COLUMN #41 SIGHT SITES STUDIO

きたる5月27日(金)から、SIGHT SITE STUDIO 1st Collectionの展示会が行われる。
私がこのプロジェクトに参加することになったのは、去年の8月。それまで、普通の会社員だった。下町にあるメリヤス(カットソー・ニットなど機械で編む生地のこと)のOEM会社で、自社ブランドの企画営業をしていた。

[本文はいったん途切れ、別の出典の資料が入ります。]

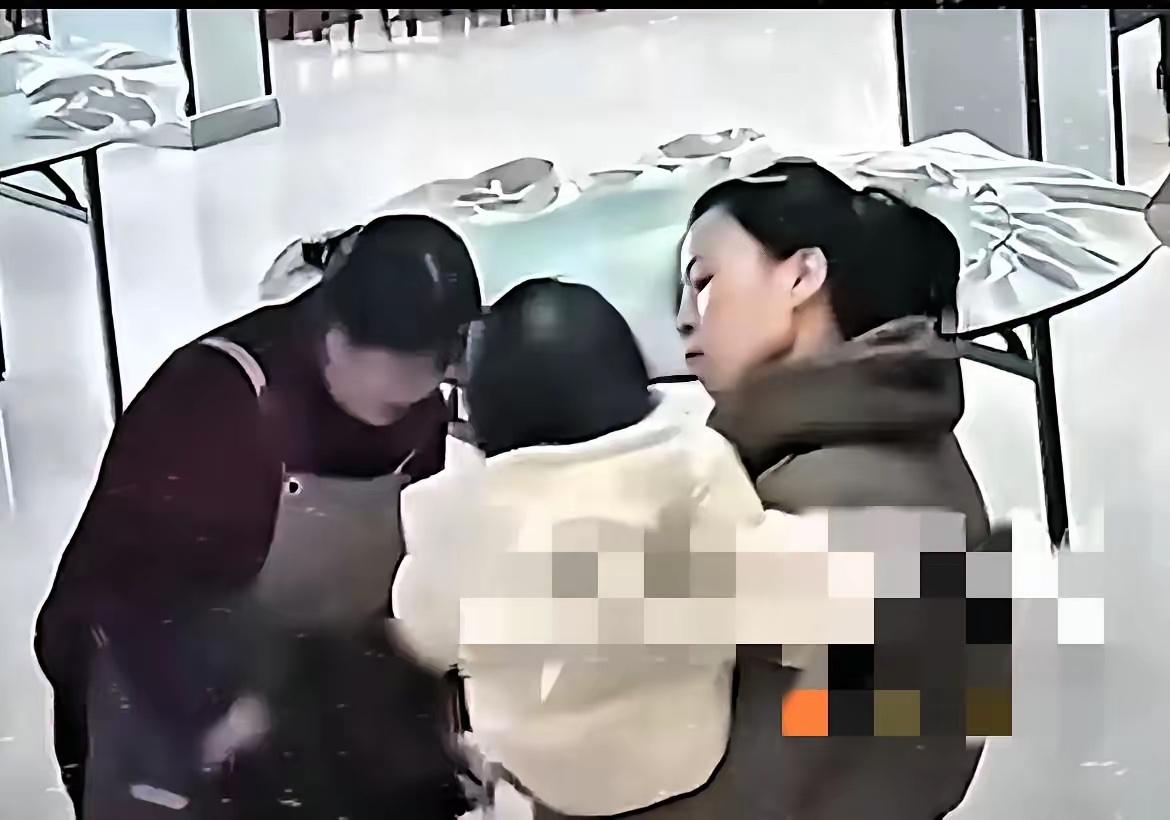 中指掰骨折、耳膜扇出血伤害2岁女童的“女魔头”报应终于来了！看完监控，恨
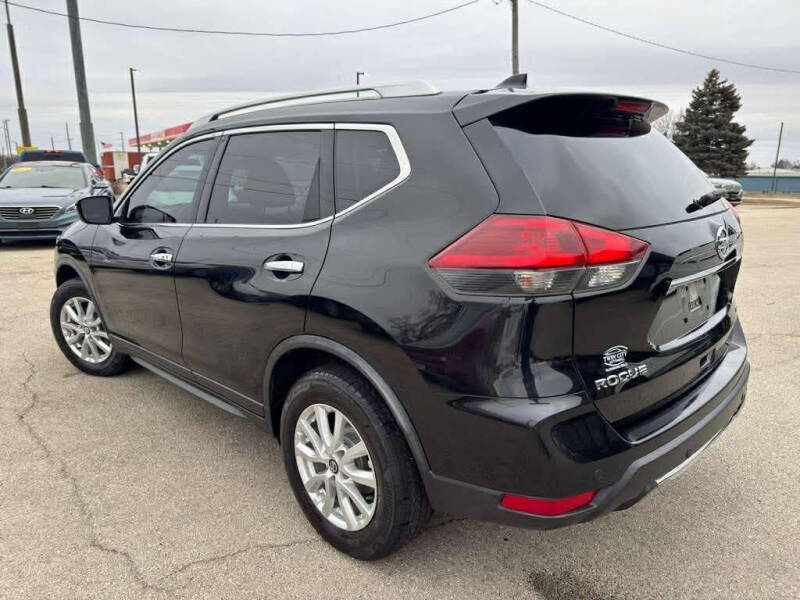 2020 Nissan Rogue SV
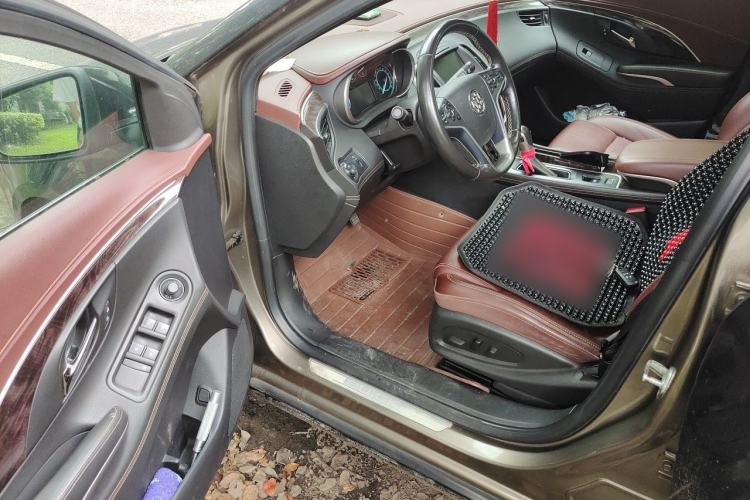 Used Buick LaCrosse 2013 2.0T SIDI Elite Tech Version Driver Seat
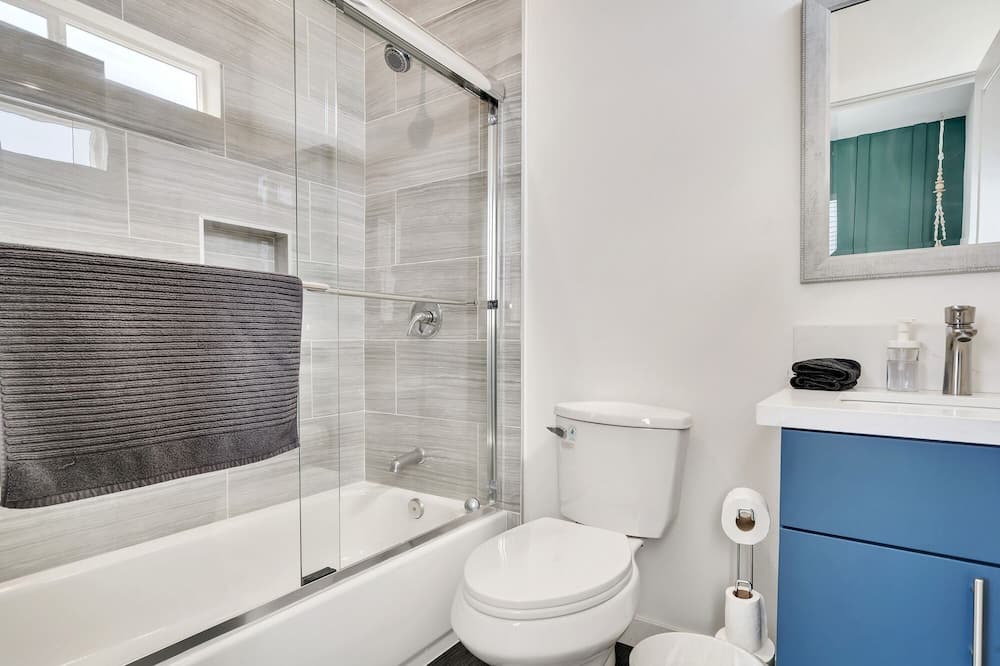 Photo of Bathroom in Montebello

勤めて2年経った頃、週5・定時で働く環境や会社へのやり切れない不満を語らう毎日に嫌気が差していた。そして、繁忙期が終盤に差し掛かった頃、私は退職すると会社に告げた。退職をすると言ってからの数ヶ月は、すごく早かった。自分の中で何かが弾けたように、色んな場所に出掛けて色んな人に会って、たくさんの事を吸収した気がする。
MIDORI.soと出会ったのも、ちょうどこの頃。アップサイクルに特化したブランドをMIDORI.soから出すという話で、服を作れる人を探しているという事だった。最初は、ほんの興味本位で中目黒に話を聞きに行ってみたものの、そこに集まる人や雰囲気、プロジェクトの内容など、自分にとってとても刺激的に感じた。
ただ、プロジェクトの話を最初に聞いた時は、わくわくと同時に不安が襲った。なぜかというと、第一弾として着物を再利用するということだったからだ。着物を使った服を作っているブランドは、いくつかあるけれどどれもエレガントな雰囲気で自分達よりも割と上の層に向けられたものが多く、言うなれば一目見て着物だなと感じるものが多い。自分の中で着物を扱うと、そういう型にはまったものになるのではないかという懸念があった。中には、まだ着られる綺麗な着物にハサミを入れるなんてと蔑む人もいるかもしれない。簡単にいうと、扱うのが面倒だと思っていたからだ。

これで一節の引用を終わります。